WCBS anchors, from left, Wayne Cabot, Paul Murnane and Brigitte Quinn hosted...

WCBS anchors, from left, Wayne Cabot, Paul Murnane and Brigitte Quinn hosted a three-hour special celebrating the station's legacy. Credit: Audacy/WCBS 880

WCBS/880 AM held its own wake Thursday, with a three-hour special that spanned decades and included a couple dozen current and former reporters, anchors and newsroom icons.

The tone was celebratory — the undertone far less so — as morning and midday anchors Wayne Cabot, Paul Murnane and Brigitte Quinn led listeners on a sprint down memory lane that stretched back 57 years to 880's launch in 1967.

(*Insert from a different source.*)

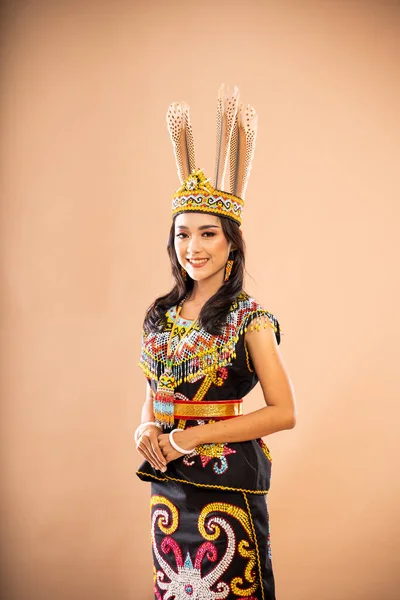 Azji Kobieta Król Bibinge Stojąc Uśmiechem Podczas Umieścić Jej Rękę — Zdjęcie stockowe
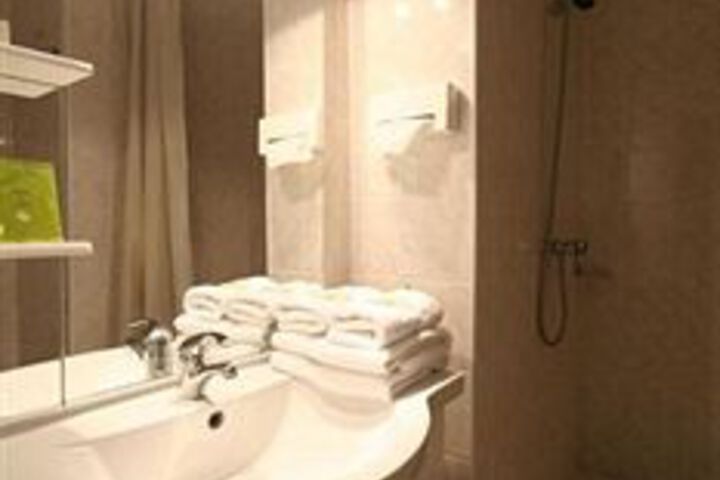 Room 2 of 18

And for one day only, this very last commemorative special even adopted one (very last) commemorative jingle, lifted straight out of the Joni Mitchell classic "Big Yellow Taxi: " ... Don't it always seem to go/ that you don't know what you've got til it's gone.."

The station — a true New York institution — will be gone for good at 12:01 a.m. Monday, when ESPN New York takes over the signal, and those iconic call letters disappear forever. Under these circumstances, maybe all this wasn't so celebratory after all.

Rich Lamb — the legendary 880 reporter who retired in 2021 after a 43-year ride there — called in from Italy where he was on vacation, to say, "Here we are in Italy, prone to earthquakes, and as far as I'm concerned, WCBS's departure from the scene is a radio earthquake for New York. There will be an indescribable vacuum that will be left behind by [its] absence."

He's certainly right — everyone in the studio Thursday knew he was right too — but Cabot (36 years here) quickly course-corrected: "I want to keep things positive!"

And did. There were a lot of laughs, special guests (Mayor Eric Adams, former Gov. David Paterson), old sound checks, a funny spoof of the Murnane/Cabot team, also a hilarious voicemail from an aggrieved listener sent some years ago complaining about the repeated use of Cabot's name on the air.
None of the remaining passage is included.